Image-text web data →
—————

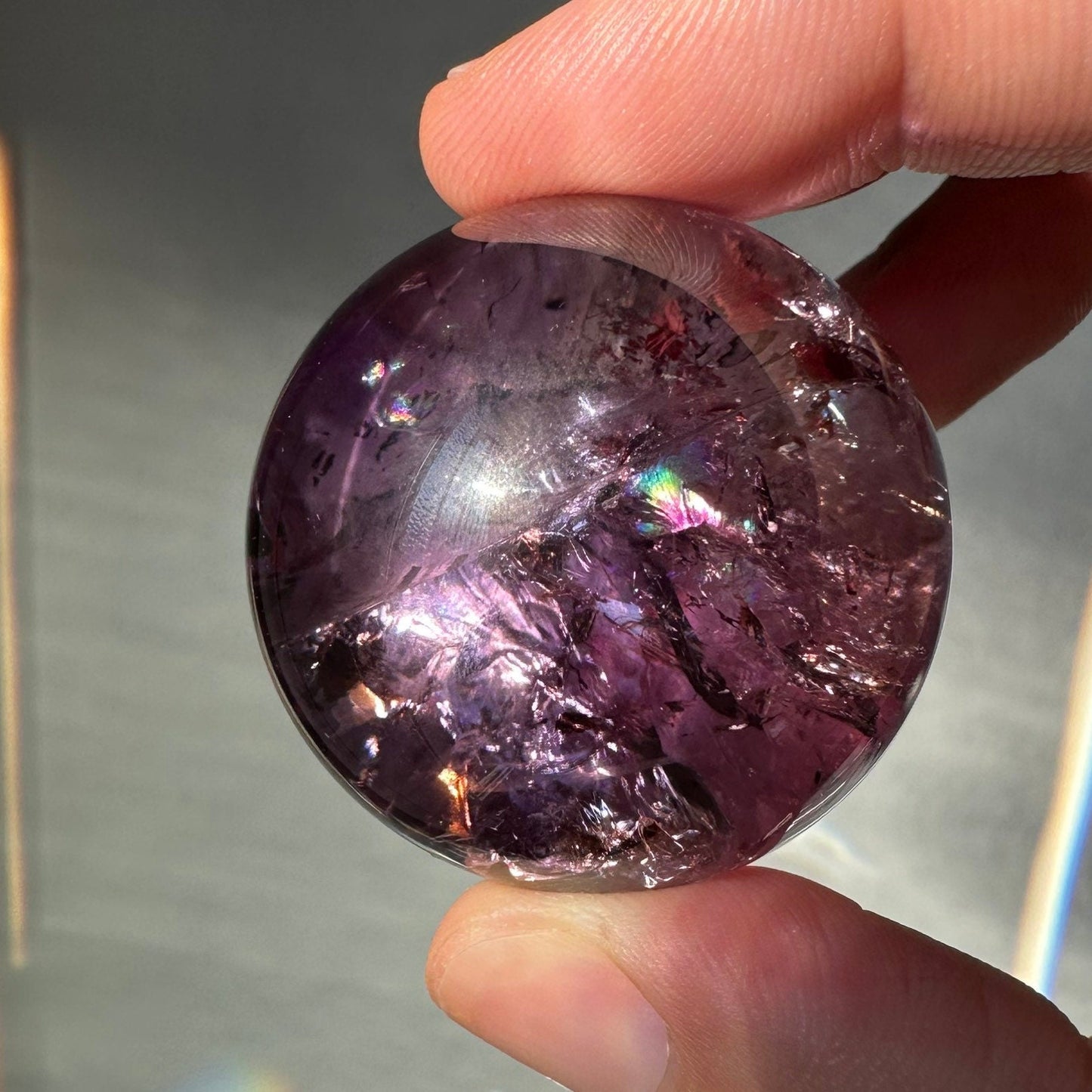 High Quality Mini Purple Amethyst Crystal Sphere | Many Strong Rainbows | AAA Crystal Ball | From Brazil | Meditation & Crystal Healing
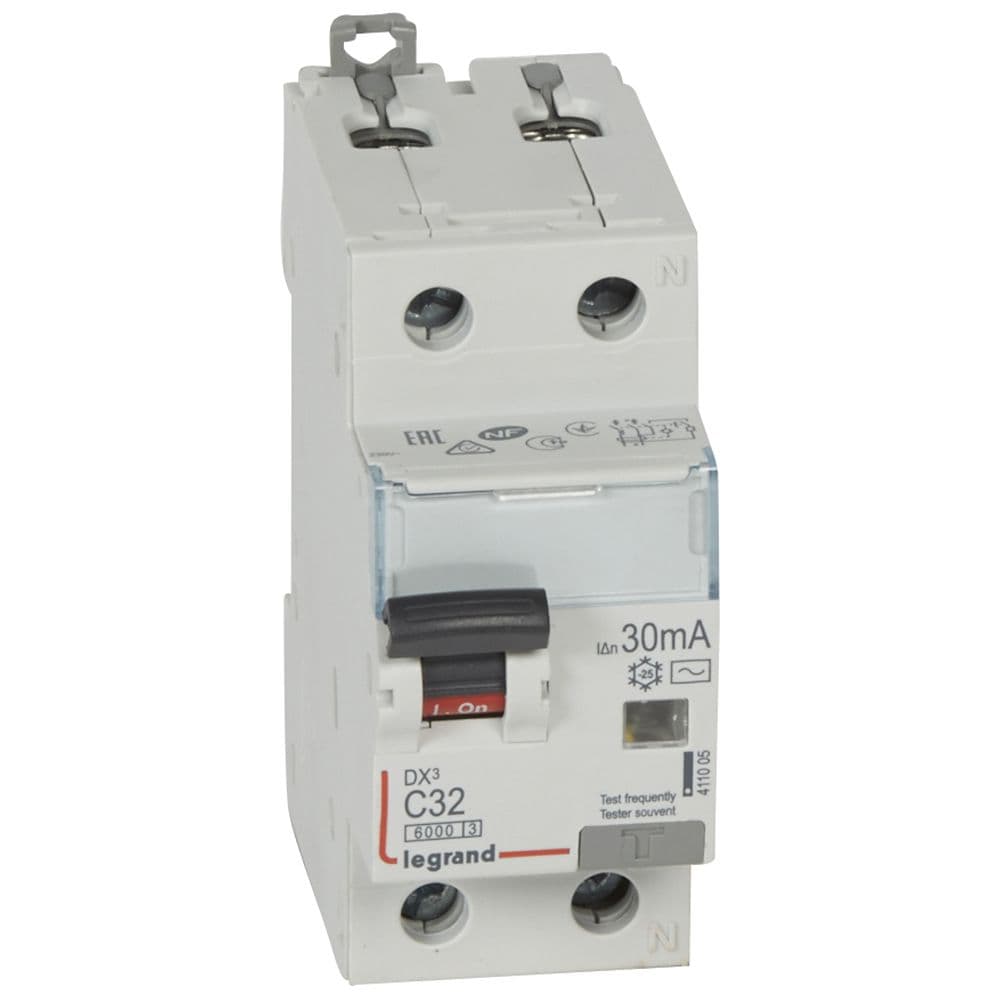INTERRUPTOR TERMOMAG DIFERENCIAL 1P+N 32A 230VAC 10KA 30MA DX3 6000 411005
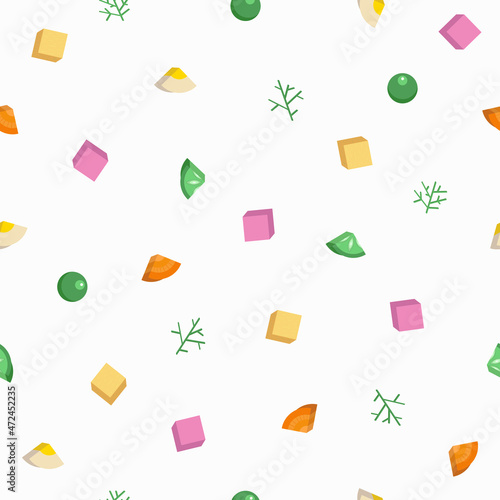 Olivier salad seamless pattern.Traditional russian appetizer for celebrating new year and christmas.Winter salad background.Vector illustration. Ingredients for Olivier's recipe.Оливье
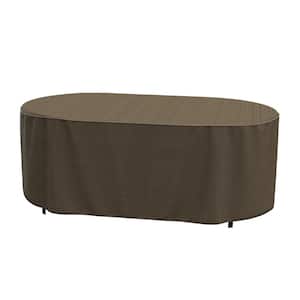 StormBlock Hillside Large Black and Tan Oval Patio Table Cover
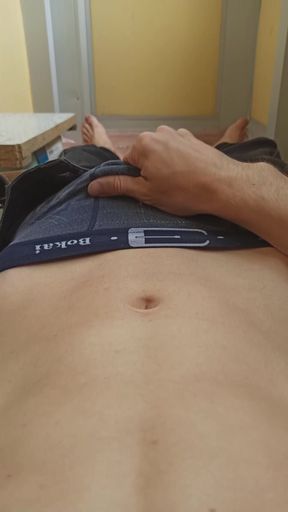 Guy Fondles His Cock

—————

Work task → In your answer, print the entries above exactly, with the pictures left out.

Output of the exercise →
 High Quality Mini Purple Amethyst Crystal Sphere | Many Strong Rainbows | AAA Crystal Ball | From Brazil | Meditation & Crystal Healing
INTERRUPTOR TERMOMAG DIFERENCIAL 1P+N 32A 230VAC 10KA 30MA DX3 6000 411005
 Olivier salad seamless pattern.Traditional russian appetizer for celebrating new year and christmas.Winter salad background.Vector illustration. Ingredients for Olivier's recipe.Оливье
 StormBlock Hillside Large Black and Tan Oval Patio Table Cover
 Guy Fondles His Cock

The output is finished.